You should report the dead animal to us at Garden Wildlife Health. These reports are critical in helping us to understand the disease threats to British wildlife, even if you are unable to submit a carcass.
Veterinary approval is needed for carcass submission. During the reporting process you will be asked if you are willing to submit a body for post-mortem examination. Do not submit a carcass until you have received confirmation from the vets and have printed the unique submission label.

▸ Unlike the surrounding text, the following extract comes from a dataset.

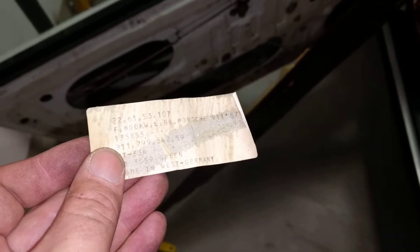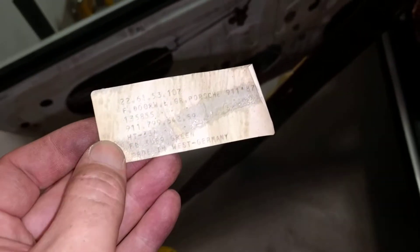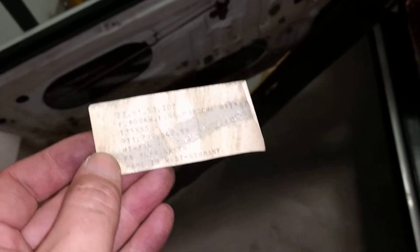Look at this piece of paper — the sticker that was on the door. It actually says it's a 911 from '87. The original color is green, it says here.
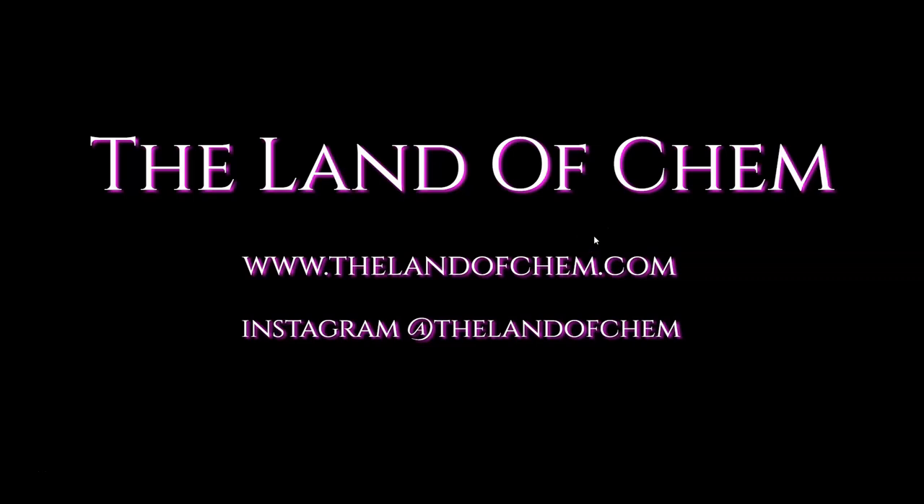Are you still watching this? Please subscribe to the Land of Chem here on YouTube and click that little notification button. New videos coming out every single week — check out this other episode. Come on, do it now.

We are normally interested in receiving wild animal carcasses from the following species:



(not including waterfowl,
wading birds or gulls*)



There are several other wild animal disease surveillance projects in Britain that solicit reports of wildlife mortality from members of the public, including:
Others species:
If you have an unusual wildlife disease incident to report please contact us and we may be able to provide further advice. Alternatively you should contact your local APHA post-mortem examination centre which can examine unusual mortality incidents in wildlife.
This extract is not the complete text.